The other option would be to sell my Moto X and buy a developer edition.
Be careful. Even if the phone can do tethering, if you don't have a tethering account you're violating the contract's terms of service, so they can terminate the contract and charge you an early termination fee.
The other thing is I'm experiencing slow data speeds. I know Cricket throttles down to 8mbps, but I'm lucky to get 2.
The internet runs at about 2mbps these days. Your data from Cricket's gateway may be going at 9mbps, but that's burst speed. You get a packet at 8mbps, wait a while, get another packet at 8mbps, etc. Cricket can't control how fast they're getting the data from the server you're connecting to. If it's a little Windows 2000 computer on a phone line in the jungle, you're lucky to get 49kbps id you're the only one connected to it. OTOH, if you connect to speedtest.net, get a server pretty close (ping time less than 20ms), and the speed is still slow, there's probably a problem.
That's why you buy speed "up to xmbps". The provider, cable or cellphone, has no control of the internet, only of how fast they send the packets down "the last mile" to you. If they're receiving them at a 100kbps thruput, that's as fast as they can pass them on to you.

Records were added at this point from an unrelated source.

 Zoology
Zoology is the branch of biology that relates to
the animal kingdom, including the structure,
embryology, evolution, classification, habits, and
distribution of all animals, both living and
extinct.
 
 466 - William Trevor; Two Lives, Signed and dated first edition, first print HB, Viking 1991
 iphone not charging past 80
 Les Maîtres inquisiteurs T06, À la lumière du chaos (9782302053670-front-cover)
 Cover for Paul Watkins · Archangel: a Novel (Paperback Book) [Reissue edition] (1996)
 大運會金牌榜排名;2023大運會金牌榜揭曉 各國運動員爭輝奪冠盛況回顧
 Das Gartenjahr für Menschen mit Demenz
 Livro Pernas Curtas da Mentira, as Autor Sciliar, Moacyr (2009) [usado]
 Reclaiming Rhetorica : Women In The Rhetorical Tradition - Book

This is something that I've experienced before but only during work hours, generally in the afternoon. Now it seems to be slow all the time, with daytime speeds nearly unusable.

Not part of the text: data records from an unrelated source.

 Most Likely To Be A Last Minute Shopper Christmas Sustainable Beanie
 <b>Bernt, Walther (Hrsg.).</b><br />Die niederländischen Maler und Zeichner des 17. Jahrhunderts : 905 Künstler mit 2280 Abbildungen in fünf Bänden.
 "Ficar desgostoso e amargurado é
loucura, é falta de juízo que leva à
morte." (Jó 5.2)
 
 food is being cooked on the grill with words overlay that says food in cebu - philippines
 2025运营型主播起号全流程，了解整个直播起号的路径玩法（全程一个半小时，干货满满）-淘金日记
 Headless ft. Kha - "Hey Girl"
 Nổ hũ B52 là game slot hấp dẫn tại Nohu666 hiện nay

The internet keeps getting slower. (Try it on Christmas morning.) Then the lines are upgraded to handle more data. Then the lines fill up with more spam and get slower. Then ... etc. If unsolicited commercial spam email (UCE) could be charged back to the sender at, say, $1 per message, the internet would quadruple (at least) its speed overnight. But when it costs more for a glass of water than it costs to send out 2 million emails selling some product, it's going to keep getting worse. (You're used to almost being able to chat real-time via email. We used to wait at least 24 hours from the time we sent an email until it was delivered, so those of us who remember the early days just start a large download, then go watch TV.)
I did scratch up my SIM card while using a SIM cutter to cut my micro SIM to a nano SIM. It got stuck in the cutter and I had to yank it out. It still works, so I figured the scratches on the side didn't hurt it any. But, could it have affected the data speeds?
Nope. A SIM card either works or it doesn't.
I get the same slow speeds with the SIM back in the Nexus 5.
You'll get the same slow speeds on any phone connected to AT&T where you are. Come to where I am and you'll get 14mbps on a speed test. (But still about 2mbps maximum speed on a real file download.)
Maybe I'll write a guide on internet speeds. It's like water. If the water company supplies water to your house through a 1/4" pipe, and you connect a 4 foot pipe from there to your house, the water will rush down that 4 foot diameter pipe as fast as possible. But you're still getting a trickle, because the flow upstream is so slow. You could get bursts of 4 feet of water, 1/8" thick, every 20 seconds, so you're getting a 4 foot flow, but the total amount of time to fill up a swimming pool won't change. It's the same thing with th internet. You're getting bursts of 8mbps data, but the time it takes to "fill up" a 100MB file is the speed it takes at the 2mbps speed that Cricket is receiving the data (the thruput of the system).